[Extracted records]
*** Begin section ***

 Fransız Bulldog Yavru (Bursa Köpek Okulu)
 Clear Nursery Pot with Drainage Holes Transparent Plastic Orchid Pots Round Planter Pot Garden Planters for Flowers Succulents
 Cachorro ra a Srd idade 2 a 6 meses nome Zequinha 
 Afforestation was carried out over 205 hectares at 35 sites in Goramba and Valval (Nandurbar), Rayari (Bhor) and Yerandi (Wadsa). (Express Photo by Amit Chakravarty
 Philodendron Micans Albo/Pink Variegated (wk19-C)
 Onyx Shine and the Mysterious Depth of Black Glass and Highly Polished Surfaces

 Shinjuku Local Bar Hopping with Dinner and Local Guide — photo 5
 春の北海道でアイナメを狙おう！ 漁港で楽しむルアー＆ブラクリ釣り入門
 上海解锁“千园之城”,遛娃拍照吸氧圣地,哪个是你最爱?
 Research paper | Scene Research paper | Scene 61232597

*** End section ***
*** Begin section ***

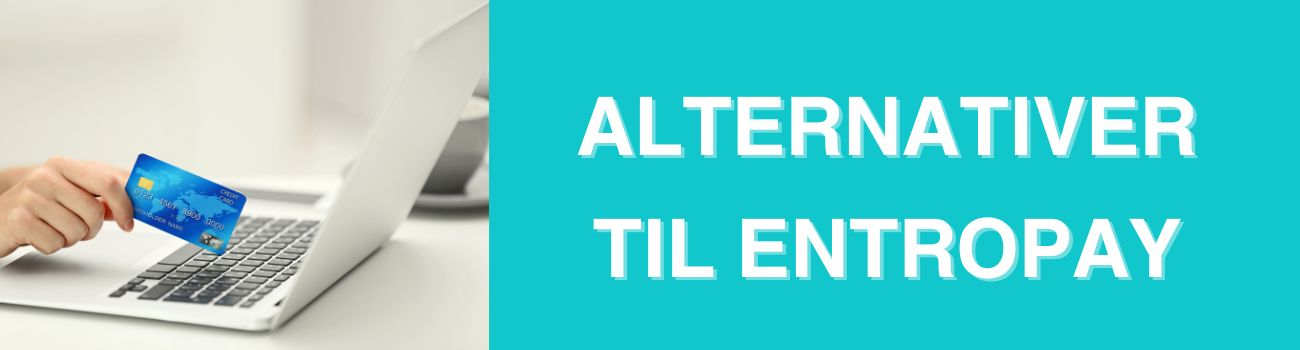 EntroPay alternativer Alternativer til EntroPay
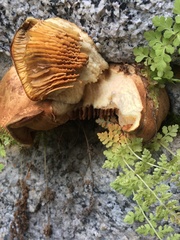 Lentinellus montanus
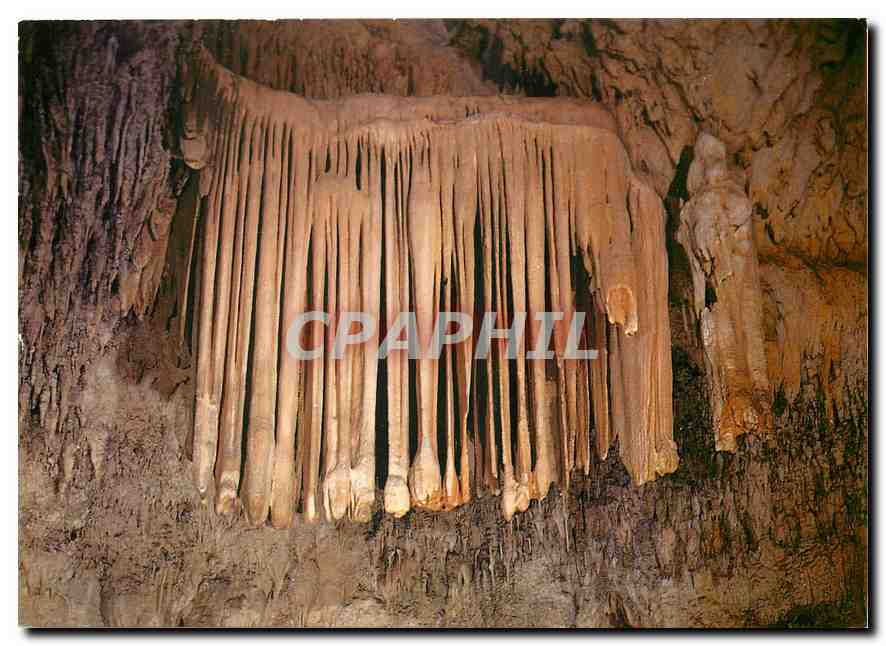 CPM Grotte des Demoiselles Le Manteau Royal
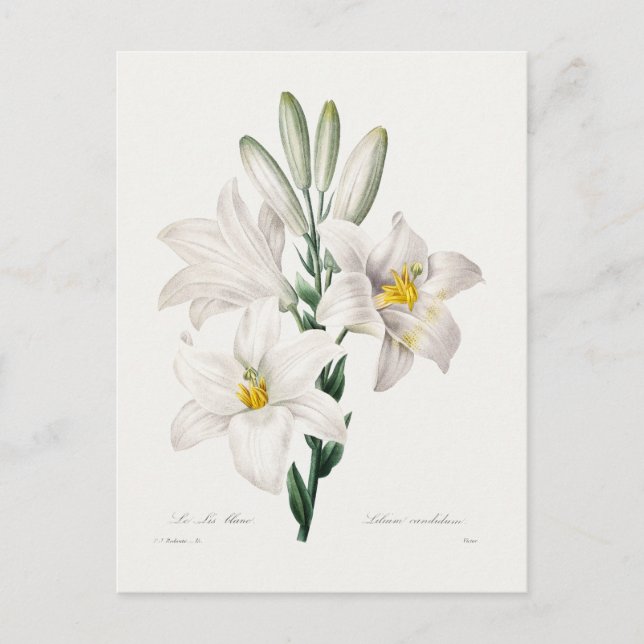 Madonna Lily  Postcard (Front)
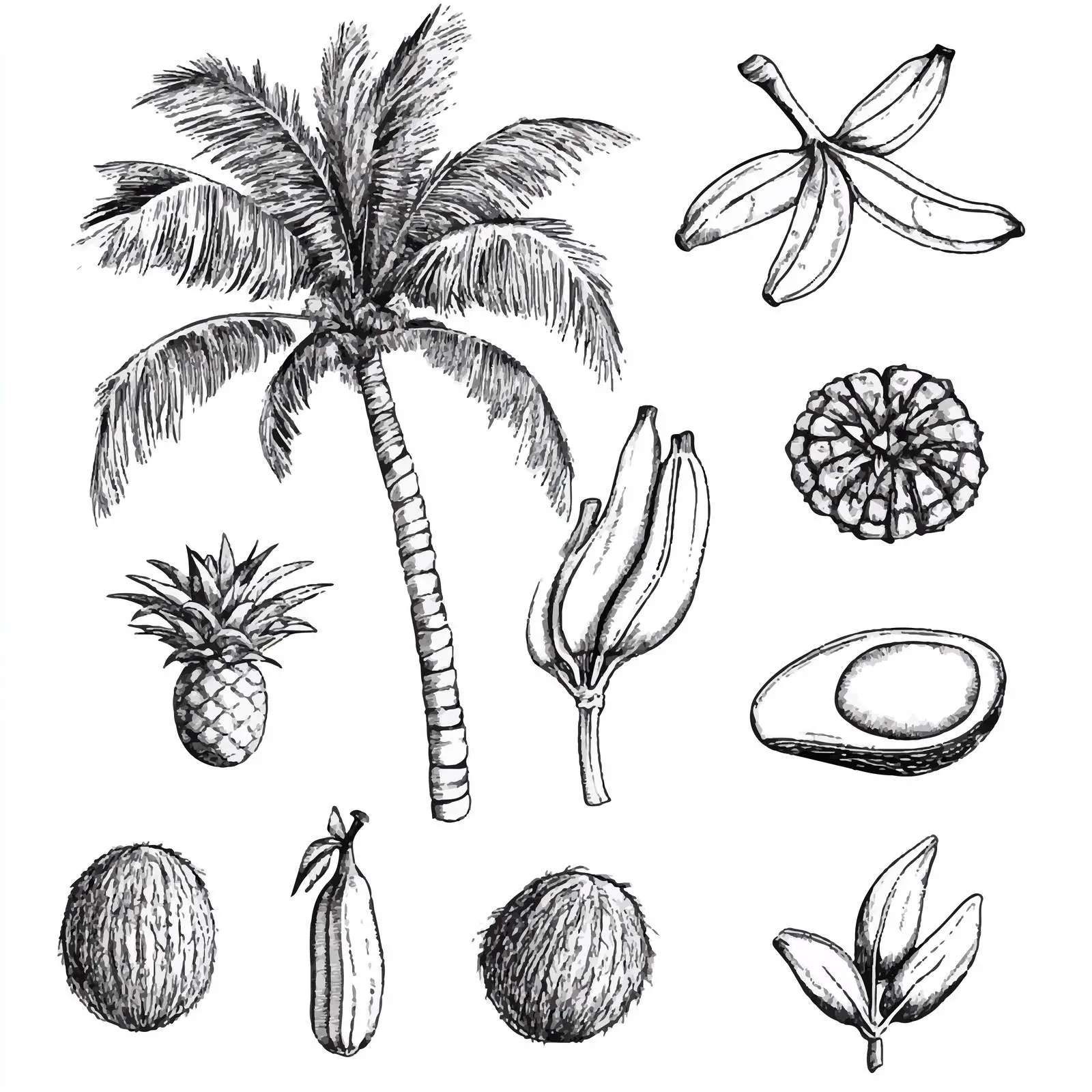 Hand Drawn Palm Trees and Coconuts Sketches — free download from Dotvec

*** End section ***

TASK PROMPT: Whatever pictures the records hold, omit them; give again exactly the lines from the one containing "CPM Grotte des Demoiselles Le Manteau Royal" through the one containing "Hand Drawn Palm".

TASK RESULT:
 CPM Grotte des Demoiselles Le Manteau Royal
 Madonna Lily  Postcard (Front)
 Hand Drawn Palm Trees and Coconuts Sketches — free download from Dotvec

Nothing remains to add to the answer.